It's strange that a SAR trainer wouldn't understand the difference. Prey is movement a dog can see. Hunt is nose. Different mechanisms that can totally exist independent of one another.

Play fetch with a bloodhound sometime.


----------



## Hineni7 (Nov 8, 2014)

David Winners said:


> View attachment 566294


he is so handsome! Yeah, he reminds me of Hokhmah in the no fear, balls out, oops, missed a step, do that again, ah perfection, kind of way.... her introduction to the down wash of helicopters at 6mos of age was as exciting as watching paint dry... "yeah mom, only exciting if we get to ride in it... ohh, I smell something, trail?"


----------



## David Winners (Apr 30, 2012)

Hineni7 said:


> he is so handsome! Yeah, he reminds me of Hokhmah in the no fear, balls out, oops, missed a step, do that again, ah perfection, kind of way.... her introduction to the down wash of helicopters at 6mos of age was as exciting as watching paint dry... "yeah mom, only exciting if we get to ride in it... ohh, I smell something, trail?"


You can't train that kind of balls. Fama used to sleep during helicopter zero g training. Floating in the air, asleep.


----------



## Hineni7 (Nov 8, 2014)

David Winners said:


> It's strange that a SAR trainer wouldn't understand the difference. Prey is movement a dog can see. Hunt is nose. Different mechanisms that can totally exist independent of one another.
> 
> Play fetch with a bloodhound sometime.


well, they were used to the bat poop crazy maniac type' drive' and were not thinking of how, like the perfect example, a bloodhound works, 'drive'.... I guess we can all get locked into our own little box of assumptions.... my dogs keep me humble, lol... very very very good at knocking me off any assumed pedestal (Hokhmah quite literally 😂)


----------



## Hineni7 (Nov 8, 2014)

David Winners said:


> You can't train that kind of balls. Fama used to sleep during helicopter zero g training. Floating in the air, asleep.


😂😂😂😱😱😱😂😂😂OHMYGOSH that is crazy!!! would love to have seen that!! wow.... that's bravery


----------



## Bearshandler (Aug 29, 2019)

David Winners said:


> You can't train that kind of balls. Fama used to sleep during helicopter zero g training. Floating in the air, asleep.


Thats some rough sleep.


----------



## Hineni7 (Nov 8, 2014)

David Winners said:


> He will grab the hood of my sweatshirt, and hang on, if I don't get to training soon enough for him. Hard to video but it's fun
> 
> He will do IPG and Nosework. I have a great club that is used to this type of dog close ish to me. I'm in no hurry though. He's got a good foundation.
> 
> He is very forward with good nerves. Pushy in a good way. He's the dog I wanted.

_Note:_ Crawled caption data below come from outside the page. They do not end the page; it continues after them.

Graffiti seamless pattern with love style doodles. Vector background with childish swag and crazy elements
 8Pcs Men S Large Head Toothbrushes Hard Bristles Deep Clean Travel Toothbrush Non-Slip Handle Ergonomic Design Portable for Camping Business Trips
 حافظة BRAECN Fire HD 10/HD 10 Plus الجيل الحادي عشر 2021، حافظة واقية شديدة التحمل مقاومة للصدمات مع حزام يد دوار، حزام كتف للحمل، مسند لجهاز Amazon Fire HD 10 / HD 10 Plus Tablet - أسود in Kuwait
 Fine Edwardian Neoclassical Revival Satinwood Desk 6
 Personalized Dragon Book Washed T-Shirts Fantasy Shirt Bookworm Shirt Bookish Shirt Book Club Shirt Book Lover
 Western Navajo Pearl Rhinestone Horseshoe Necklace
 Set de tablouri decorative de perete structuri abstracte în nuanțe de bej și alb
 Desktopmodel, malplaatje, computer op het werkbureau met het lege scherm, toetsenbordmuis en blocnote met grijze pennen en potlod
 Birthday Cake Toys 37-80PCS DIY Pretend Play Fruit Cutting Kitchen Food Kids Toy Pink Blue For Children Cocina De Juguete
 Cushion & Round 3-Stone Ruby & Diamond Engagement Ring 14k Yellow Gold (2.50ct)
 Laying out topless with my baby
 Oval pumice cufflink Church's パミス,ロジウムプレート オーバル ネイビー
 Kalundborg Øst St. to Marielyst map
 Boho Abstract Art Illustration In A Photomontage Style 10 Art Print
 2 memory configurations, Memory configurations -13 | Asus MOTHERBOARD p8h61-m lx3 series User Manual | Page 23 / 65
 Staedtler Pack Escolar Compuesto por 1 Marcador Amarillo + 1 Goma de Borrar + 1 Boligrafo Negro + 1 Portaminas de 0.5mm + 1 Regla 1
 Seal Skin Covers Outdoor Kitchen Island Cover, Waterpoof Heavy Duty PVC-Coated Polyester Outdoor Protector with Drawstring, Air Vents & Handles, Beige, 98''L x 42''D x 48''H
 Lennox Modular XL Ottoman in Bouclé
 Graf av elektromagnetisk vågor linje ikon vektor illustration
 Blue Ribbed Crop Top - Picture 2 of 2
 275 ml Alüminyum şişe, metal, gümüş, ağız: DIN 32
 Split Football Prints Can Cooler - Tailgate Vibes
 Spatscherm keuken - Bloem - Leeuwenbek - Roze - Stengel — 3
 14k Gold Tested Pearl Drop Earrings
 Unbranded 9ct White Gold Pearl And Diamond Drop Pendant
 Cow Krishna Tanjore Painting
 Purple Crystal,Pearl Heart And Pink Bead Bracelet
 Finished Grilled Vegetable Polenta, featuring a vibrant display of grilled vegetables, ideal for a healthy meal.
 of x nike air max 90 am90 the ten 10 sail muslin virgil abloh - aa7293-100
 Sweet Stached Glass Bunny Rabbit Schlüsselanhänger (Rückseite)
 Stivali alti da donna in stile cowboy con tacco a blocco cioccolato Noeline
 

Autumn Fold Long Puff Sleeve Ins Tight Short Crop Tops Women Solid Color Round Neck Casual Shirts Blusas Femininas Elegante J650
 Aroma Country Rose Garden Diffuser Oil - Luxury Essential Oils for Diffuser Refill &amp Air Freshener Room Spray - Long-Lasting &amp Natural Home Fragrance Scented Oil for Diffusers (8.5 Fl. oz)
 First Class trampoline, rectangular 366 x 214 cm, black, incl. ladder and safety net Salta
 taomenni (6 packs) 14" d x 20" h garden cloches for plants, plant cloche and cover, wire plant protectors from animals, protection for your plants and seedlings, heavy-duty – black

yeah, have many a ruined jacket, shirt, and extra scars from her, uh, love.... I can do without that part....


----------



## David Winners (Apr 30, 2012)

Hineni7 said:


> well, they were used to the bat poop crazy maniac type' drive' and were not thinking of how, like the perfect example, a bloodhound works, 'drive'.... I guess we can all get locked into our own little box of assumptions.... my dogs keep me humble, lol... very very very good at knocking me off any assumed pedestal (Hokhmah quite literally 😂)


Getting the dog you need is such a blessing. I wouldn't be the trainer I am today without Fama. She was amazing and terrible. All the good stuff and all the bad. All the drive and attitude. She was 4 and really knew bomb and bite. Everything else was up to her and the moment.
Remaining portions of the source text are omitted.